We want less than 3 copies

Lampson-Sturgis Assumptions

Rename system call: rename("a","b")
image5
1. Read inode 357 into memory
2. Read data block 952736 into RAM
3. Change "a" to "b" in RAM
4. Write data block out to disk
5. Update inode time stamp
6. Write inode to disk

What can go wrong?
Suppose there is a crash between steps 4 and 5, after reboot, data will change but inode will not be updated.

CS111 Assumptions
Single data block writes are atomic; either all blocks write successfully or none gets written, all-or-nothing.

rename("d/a", "e/a"): Renaming a file that used to be in directory d to a file in directory e.
image6

1. Write 1012
2. Write 952736

We want to do step 1 before step 2 because if we do step 2 first and it crashes, the file "a" would disappear.
The advantage of doing step 1 before step 2 is that we can keep track of the file, but the disadvantage is if it crashes between steps 1 and 2, it will lose the link to the data, which is bad.

The solution would be to do something between steps 1 and 2.
1. Write 1012
2. Write "921 with a link count of 2"
3. Write 952736
4. Write "921 with a link count of 1"
This solution would cause memory leak sometimes and we can still lose data if it crashes between the new steps 1 and 2.

The solution to the case above would be to switch the order of steps 1 and 2.
1. Write "921 with a link count of 2"
2. Write 1012
3. Write 952736
4. Write "921 with a link count of 1"
If it crashes between the new steps 1 and 2, it would cause memory leak but will not lose data; having memory leak is better than losing the whole data.

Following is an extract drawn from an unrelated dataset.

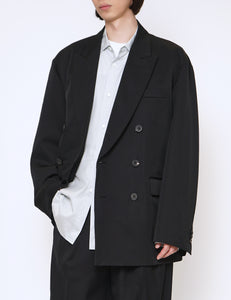 BLACK OVERSIZED DOUBLE BREASTED JACKET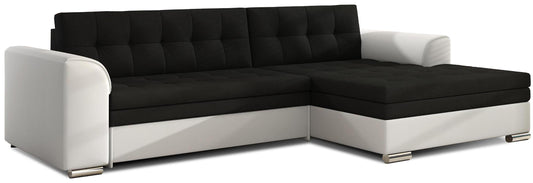 Narożnik Conforti prawy w tkaninie Sawana 14 czarnej oraz Soft 17 białej wyróżnia się nowoczesnym designem i eleganckim kontrastowym wykończeniem. Komfortowy narożnik do salonu zapewnia wygodne miejsce do codziennego relaksu i doskonale pasuje do współczesnych wnętrz.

Models of Underlying Systems

Example: for BSD-style file system
Recall that a BSD-style file system has superblock, bitmap, inode table, and data blocking containing directories, indirect blocks and ordinary data.

Invariants for our system
(1) Every block in the file system is used for exactly one purpose.
(2) All referenced blocks are properly initialized with data appropriate for their type.
(3) All referenced data blocks are marked used in bitmap.
(4) All unreferenced data blocks are marked as free in bitmap.

Consequences of Violation
Violating (1), (2) or (3) would cause a disaster. Violating (4) would cause memory leak, so (4) is the only candidate to be removed.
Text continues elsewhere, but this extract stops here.